→ **EXERCISE REQUIREMENTS**: In the entries that follow, the lines from the one with "Profile Picture of" through the one with "J. 2016 FORD LOBO XLT 5.0 4X4" are the ones to write out, exactly and with both ends included. Nothing else should appear.

START PROVIDED INFORMATION

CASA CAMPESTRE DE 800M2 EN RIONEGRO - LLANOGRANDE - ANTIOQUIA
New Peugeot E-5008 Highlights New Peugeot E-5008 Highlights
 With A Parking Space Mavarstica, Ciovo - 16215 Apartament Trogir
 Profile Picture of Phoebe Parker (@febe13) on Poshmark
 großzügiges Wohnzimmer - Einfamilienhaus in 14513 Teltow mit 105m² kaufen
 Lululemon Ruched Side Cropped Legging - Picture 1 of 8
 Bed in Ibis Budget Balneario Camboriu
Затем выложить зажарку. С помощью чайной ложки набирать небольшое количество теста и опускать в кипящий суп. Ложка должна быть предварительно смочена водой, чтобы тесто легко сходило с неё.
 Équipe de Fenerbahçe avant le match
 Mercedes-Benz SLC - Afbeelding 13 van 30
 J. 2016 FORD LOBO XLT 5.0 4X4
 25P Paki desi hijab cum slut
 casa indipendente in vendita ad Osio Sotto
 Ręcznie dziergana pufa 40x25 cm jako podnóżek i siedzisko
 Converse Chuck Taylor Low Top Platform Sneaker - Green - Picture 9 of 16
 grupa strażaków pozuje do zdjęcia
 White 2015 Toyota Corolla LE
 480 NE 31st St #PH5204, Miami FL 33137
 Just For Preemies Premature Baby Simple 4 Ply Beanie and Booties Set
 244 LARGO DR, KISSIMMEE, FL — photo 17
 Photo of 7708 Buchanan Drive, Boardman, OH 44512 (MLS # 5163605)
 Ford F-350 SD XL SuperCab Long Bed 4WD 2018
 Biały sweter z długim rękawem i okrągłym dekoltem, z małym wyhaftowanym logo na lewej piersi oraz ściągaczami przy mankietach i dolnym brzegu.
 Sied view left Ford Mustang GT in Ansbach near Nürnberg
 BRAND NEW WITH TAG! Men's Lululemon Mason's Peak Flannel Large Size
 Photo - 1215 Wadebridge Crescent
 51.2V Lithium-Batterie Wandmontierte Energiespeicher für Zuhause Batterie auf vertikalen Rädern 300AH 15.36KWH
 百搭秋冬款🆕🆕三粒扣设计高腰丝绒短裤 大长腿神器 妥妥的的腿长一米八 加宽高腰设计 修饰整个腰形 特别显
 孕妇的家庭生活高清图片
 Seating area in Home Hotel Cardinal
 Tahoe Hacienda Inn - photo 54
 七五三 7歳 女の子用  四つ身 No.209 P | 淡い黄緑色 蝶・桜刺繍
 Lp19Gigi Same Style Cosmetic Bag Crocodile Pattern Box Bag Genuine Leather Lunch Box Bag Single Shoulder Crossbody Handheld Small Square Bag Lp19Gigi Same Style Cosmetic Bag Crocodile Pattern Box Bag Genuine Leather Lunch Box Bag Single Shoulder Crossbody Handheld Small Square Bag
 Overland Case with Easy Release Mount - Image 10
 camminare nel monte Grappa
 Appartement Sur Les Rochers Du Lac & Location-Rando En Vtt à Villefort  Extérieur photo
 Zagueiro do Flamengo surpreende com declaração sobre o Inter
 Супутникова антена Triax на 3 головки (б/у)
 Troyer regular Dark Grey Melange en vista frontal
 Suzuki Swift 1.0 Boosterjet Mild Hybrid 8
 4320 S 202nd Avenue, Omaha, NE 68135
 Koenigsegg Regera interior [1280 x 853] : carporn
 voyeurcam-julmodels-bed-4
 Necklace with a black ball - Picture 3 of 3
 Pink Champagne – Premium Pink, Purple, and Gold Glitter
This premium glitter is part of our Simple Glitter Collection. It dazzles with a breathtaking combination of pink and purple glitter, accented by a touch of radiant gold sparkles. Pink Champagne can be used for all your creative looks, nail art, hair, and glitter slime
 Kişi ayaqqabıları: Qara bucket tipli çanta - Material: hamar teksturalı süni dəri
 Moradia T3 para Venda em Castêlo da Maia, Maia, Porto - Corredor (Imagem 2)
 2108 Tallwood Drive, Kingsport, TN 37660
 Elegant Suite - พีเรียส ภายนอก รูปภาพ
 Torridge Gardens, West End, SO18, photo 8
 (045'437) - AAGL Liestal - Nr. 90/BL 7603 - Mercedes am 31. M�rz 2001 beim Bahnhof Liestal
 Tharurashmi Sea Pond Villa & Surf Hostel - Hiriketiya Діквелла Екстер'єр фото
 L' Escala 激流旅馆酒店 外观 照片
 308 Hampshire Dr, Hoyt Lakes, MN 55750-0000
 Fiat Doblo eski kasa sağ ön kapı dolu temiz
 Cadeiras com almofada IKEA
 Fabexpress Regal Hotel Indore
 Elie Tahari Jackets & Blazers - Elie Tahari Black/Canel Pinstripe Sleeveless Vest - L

END PROVIDED INFORMATION

→ **SOLUTION**:
 Profile Picture of Phoebe Parker (@febe13) on Poshmark
 großzügiges Wohnzimmer - Einfamilienhaus in 14513 Teltow mit 105m² kaufen
 Lululemon Ruched Side Cropped Legging - Picture 1 of 8
 Bed in Ibis Budget Balneario Camboriu
Затем выложить зажарку. С помощью чайной ложки набирать небольшое количество теста и опускать в кипящий суп. Ложка должна быть предварительно смочена водой, чтобы тесто легко сходило с неё.
 Équipe de Fenerbahçe avant le match
 Mercedes-Benz SLC - Afbeelding 13 van 30
 J. 2016 FORD LOBO XLT 5.0 4X4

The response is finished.